At the precipice
Alarming signs of climate change everywhere in New Mexico

The dried bed of the Rio Puerco near Bernardo, N.M. As of early March, 92% of New Mexico was experiencing drought, with almost 30% of the state in severe to extreme drought, according to the U.S. Drought Monitor. / Photo courtesy U.S. Drought Monitor
Here in New Mexico, our growing season has lengthened since the 1970s, even as stream flows have decreased. Fire season starts earlier, lasts longer and, in some years, ignites the forests into record-breaking blazes, like the gargantuan Hermits Peak-Calf Canyon and Black fires in 2022.
If you look at the last century in New Mexico, stretches of higher temperatures have lengthened; heat waves are hotter; and nights, consistently warmer.
Rising heat and expanding aridity harm ecosystems and wildlife, and hotter days are dangerous for anyone outside, especially people without housing or access to cool spaces. Extreme heat even interacts with certain medications people need for their physical and mental health.
It should be no surprise that we’re facing another crackly-dry spring and summer. Fans watching the March 2 Oscars on Albuquerque TV saw flashing red-flag fire warnings. The next day, high winds and dust storms blasted the state; near Deming, a haboob of fast-moving dust shut down highways.
As of early March, 92% of New Mexico was experiencing drought, with almost 30% of the state in severe to extreme drought, according to the U.S. Drought Monitor.
Arizona is in even worse shape: 100% of the state is in drought, with 87% in severe to exceptional drought. And the interior West’s three-month outlook is for warm, dry conditions – especially in Arizona and New Mexico.
Here in New Mexico, the Middle Rio Grande Conservancy District – which supplies water for farms – is warning that runoff season will be short and river flows, low. The district’s leaders are urging farmers to plan for extended periods between irrigation deliveries and say that without summertime monsoons, they will not meet everyone’s needs this year.
During the 1900s – including during the infamous 1950s drought and earlier in this century – farmers could often still expect full water allocations in a dry year.
Now, when farmers don’t receive water – and the Rio Grande dries for long stretches – it’s not only because there isn’t enough snow melting off the mountains. It’s also because consistently dry soils suck up any moisture, making both forests and croplands thirstier.
Not only that, but decades of persistent drought and warming temperatures have desiccated reservoirs along the Rio Grande and its tributary, the Chama River.

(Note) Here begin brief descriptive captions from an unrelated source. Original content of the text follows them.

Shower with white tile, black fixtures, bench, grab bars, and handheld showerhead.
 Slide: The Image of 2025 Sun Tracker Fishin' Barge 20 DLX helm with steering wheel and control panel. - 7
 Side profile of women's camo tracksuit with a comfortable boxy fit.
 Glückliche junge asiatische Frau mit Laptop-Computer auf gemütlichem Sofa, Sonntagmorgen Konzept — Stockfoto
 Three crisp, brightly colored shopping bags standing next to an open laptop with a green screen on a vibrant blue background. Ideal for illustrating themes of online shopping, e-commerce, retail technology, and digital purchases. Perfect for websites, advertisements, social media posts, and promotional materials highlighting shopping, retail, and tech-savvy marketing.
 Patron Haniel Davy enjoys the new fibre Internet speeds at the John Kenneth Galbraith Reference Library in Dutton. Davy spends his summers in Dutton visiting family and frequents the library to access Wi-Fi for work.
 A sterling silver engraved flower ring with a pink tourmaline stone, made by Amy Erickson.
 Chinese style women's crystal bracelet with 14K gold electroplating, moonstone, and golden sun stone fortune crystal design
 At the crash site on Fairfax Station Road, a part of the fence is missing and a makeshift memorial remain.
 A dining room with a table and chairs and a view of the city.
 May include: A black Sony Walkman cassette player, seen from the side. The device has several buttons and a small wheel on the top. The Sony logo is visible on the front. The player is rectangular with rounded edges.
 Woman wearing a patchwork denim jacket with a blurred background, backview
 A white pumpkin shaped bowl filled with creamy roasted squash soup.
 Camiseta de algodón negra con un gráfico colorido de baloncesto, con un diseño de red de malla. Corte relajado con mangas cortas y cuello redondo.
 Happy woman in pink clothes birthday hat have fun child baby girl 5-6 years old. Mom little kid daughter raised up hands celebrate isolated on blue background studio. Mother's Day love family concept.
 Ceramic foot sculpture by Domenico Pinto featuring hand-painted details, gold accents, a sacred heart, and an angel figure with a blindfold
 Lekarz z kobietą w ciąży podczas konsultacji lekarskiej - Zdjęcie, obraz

On the Chama River, Heron Reservoir is 14% full; its neighbors, El Vado and Abiquiu, are at 14% and 51%, respectively. Farther down the watershed, on the Rio Grande in southern New Mexico, Elephant Butte Reservoir is only 13% full, and its neighbor, Caballo, 9% full.
In New Mexico, some water users, including the irrigation district, rely on water piped from the Colorado River watershed into the Chama and then the Rio Grande. This year, most of that supplemental water won’t be there.
The view upstream on both watersheds is also troubling, especially in Arizona, New Mexico and southern Utah where the snowpack is “below to well-below median.” Last month, the Colorado River’s two largest reservoirs, Lake Powell and Lake Mead, were 34% full, the lowest they’d been in early February for the last 30 years.
I’m alarmed by many things happening right now, including the disappearance of climate data from federal websites and the gutting of federal workforces and budgets. We need wildland firefighters, scientists and the staffers who kept our parks and public lands functioning.
But as a reporter who has covered climate change and its impacts on my state for more than two decades, I take the long view along with a local view.
We have known for decades that the planet is steadily warming and that the impacts of climate change would intensify. And we must resist focusing solely on the current chaos of the federal government.
There’s never been a better time to become immersed in local politics or organizing, and to hold state and local leaders accountable for action on climate.
We can collaborate on local solutions and work together to better deal with the crises we face. Really, we have no choice.
Laura Paskus is a contributor to Writers on the Range, writersontherange.org, an independent nonprofit dedicated to spurring lively conversation about Western issues. She is longtime reporter based in Albuquerque and the author of “At the Precipice: New Mexico’s Changing Climate and Water Bodies.”